If we're going to solve these problems, it's going to have to be done on a bipartisan basis,” said Johnson on ABC’s “This Week.” “I think most Republicans are more than willing to work with this president.”

Johnson was one of a dozen GOP senators who met with Obama on Wednesday night for dinner at The Jefferson Hotel as the president sought to jumpstart efforts to reach a grand deficit-reduction deal.

Obama followed up the dinner with a Thursday lunch with House Budget Committee Chairman Paul Ryan (R-Wis.) and is slated to meet with House and Senate Republicans on Capitol Hill this week.

Johnson said the dinner was “very honest, frank.” He said he had already been contacted by the White House to follow up and expressed optimism that the dialogue would continue.

“I got a call from his chief of staff over the weekend to talk about, you know what we need to do in terms of developing the process,” said Johnson. “So, you know we'll -- I'll certainly give the president the benefit of the doubt. “

Johnson said that he would be willing to consider new tax revenues for entitlement reform. 

“If you're taking a look at, in an entitlement reform package… you know actually bringing in revenue for those entitlement reforms, I might look at that,” he said.

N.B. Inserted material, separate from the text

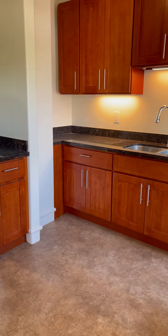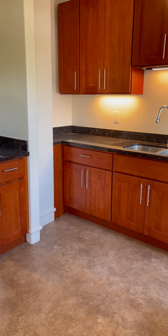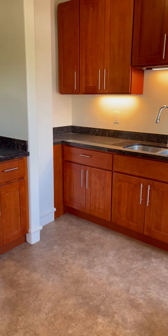A lot of natural light comes into these units with very large windows. Here's the bedroom that's facing the rear of the property.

But Johnson cautioned that the high taxes were already battering the economy. 

Appearing on the same show, Rep. Debbie Wasserman Schultz (D-Fla.) praised the president’s efforts, but cautioned that she feared they would run into opposition from House Republicans.

“Unfortunately what we've had thus far is a paralyzed Republican leadership, particularly in the House, who has not been able to act, not felt that all that they have enough leeway because of their -- the extremism in -- in their Republican conference -- to do anything with the president,” said Wasserman Schultz.